- «Эксперт» №49 (495) /
- 26 дек 2005, 00:00
Трагедия одушевленной власти
Разумеется, наши режиссеры ставили оперы за рубежом и прежде. И не какие-нибудь режиссеры, а выдающиеся - от Юрия Любимова до Льва Додина. Оперные спектакли, однако, были для них не очень существенными отклонениями от магистрального пути. Необязательными вензелями, вплетенными в судьбу служителя драматической сцены. Оперу в России вообще не принято было воспринимать как объект приложения мощных режиссерских сил (да и до сих пор не очень-то принято). В сталинские, оттепельные, застойные, перестроечные и постперестроечные годы основу репертуара оперных российских театров составляли крупногабаритные и многокостюмные сценические сочинения, режиссура которых совершенно имперсональна. Большой стиль советской империи. Социалистический гиперреализм с не очень театральным лицом.

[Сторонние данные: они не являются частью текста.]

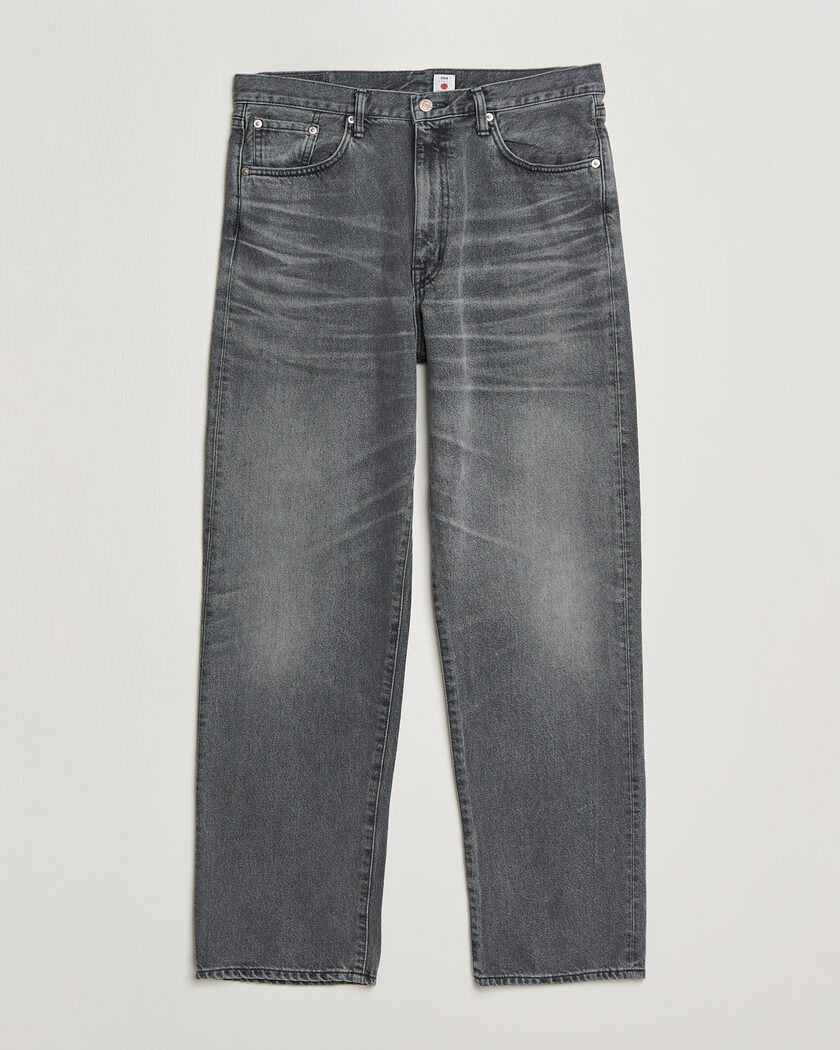 EDWIN Loose Straight Jeans Washed Grey – Grey
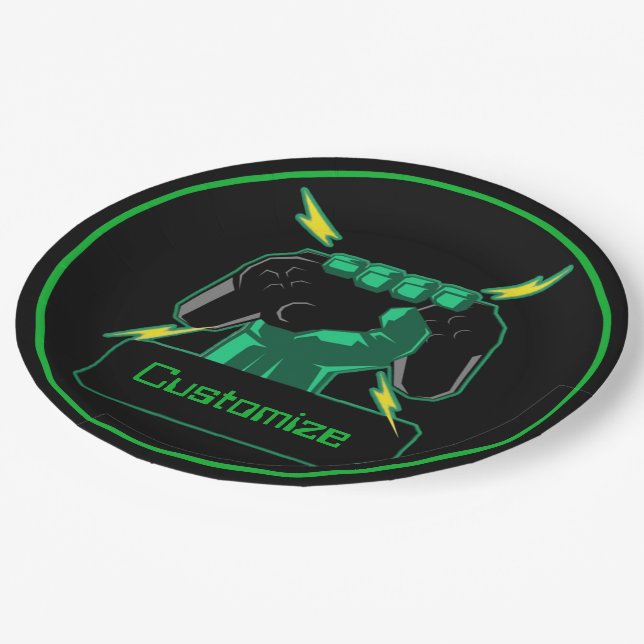 Prato De Papel Jogador de potência personalizado (Inclinado)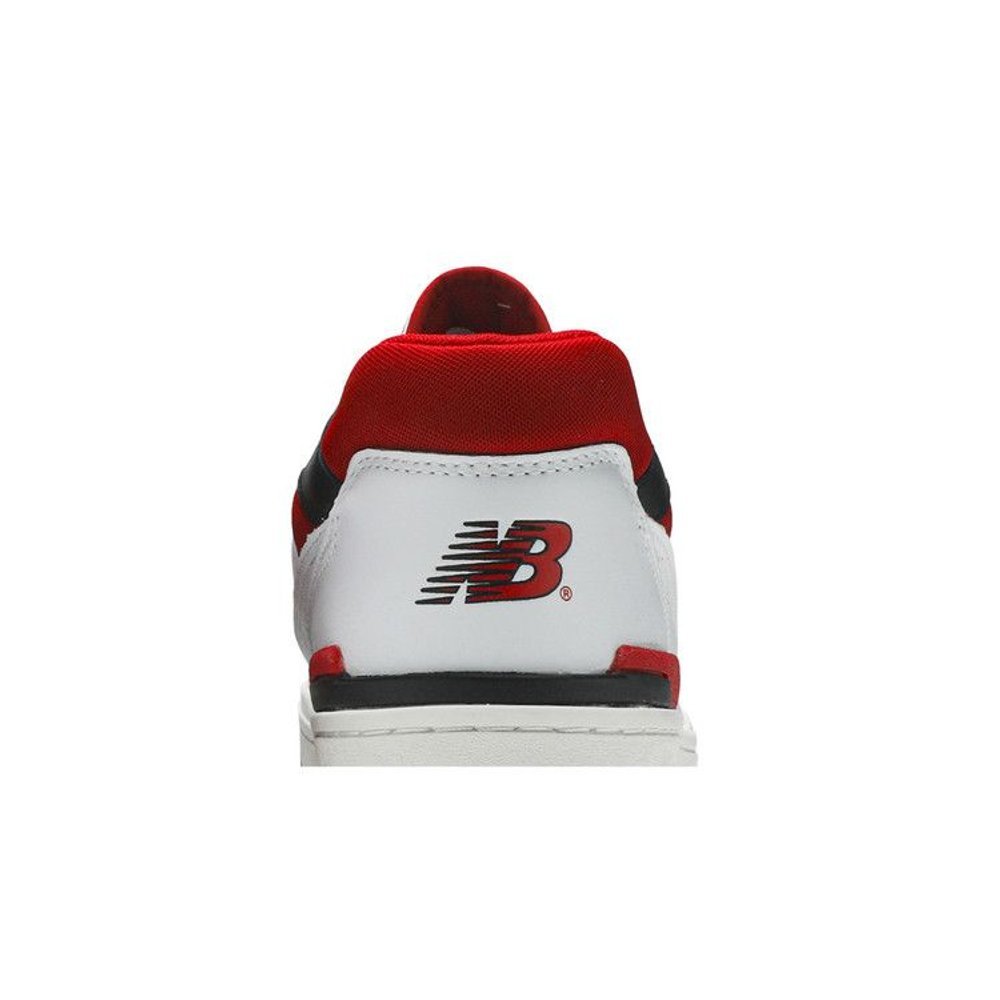 New Balance 550 White Red – detail materiálu | Purekickz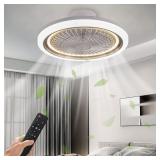 OPENED $114 21in Ceiling Fan with Lights,72W...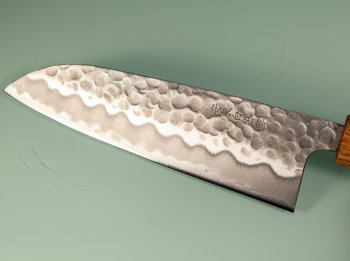 Tsunehisa Shirogami Tsuchime Wa-Santoku 170mm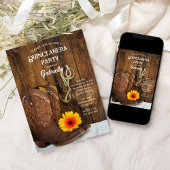 Cowboy Boot Daisy Country Western Quinceanera Einladung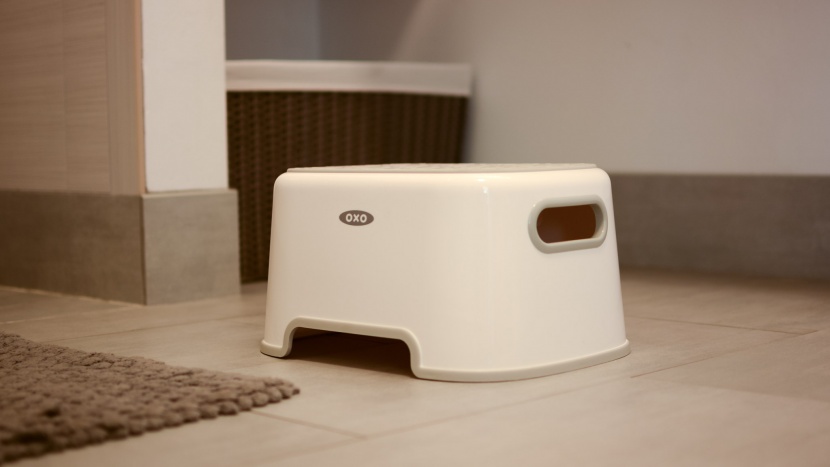 the oxo is durable and sturdy, plus offers a non-slip step.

Вот и вышедшая недавно на сцене Большого театра "Война и мир" Прокофьева в постановке способного театрального режиссера Ивана Поповски - очередной пример такой имперсональности. Это не большой советский стиль, это скромное ненавязчивое бесстилье. Режиссер тут не демиург, а подмастерье: главное для него - не путаться под ногами у певцов.
Пафос как анахронизм
Между тем на Западе постановочная мысль уже с 70-х чувствовала себя в музыкальном театре так же вольготно и по-хозяйски, как в драматическом. Вылазки в эту сторону, собственно, предпринимались с момента возникновения режиссуры. Достаточно вспомнить Мейерхольда, работавшего над "Тристаном", Гордона Крэга, который начинал как музыкальный постановщик, сценографические проекты Адольфа Аппиа. Но затем пути оперы и театрального эксперимента на долгие годы разошлись. Что, в общем, понятно. Музыку не подвергнешь радикальным купюрам и не интонируешь, как текст Чехова или Шекспира. С ней труднее совладать. Она диктует свои законы.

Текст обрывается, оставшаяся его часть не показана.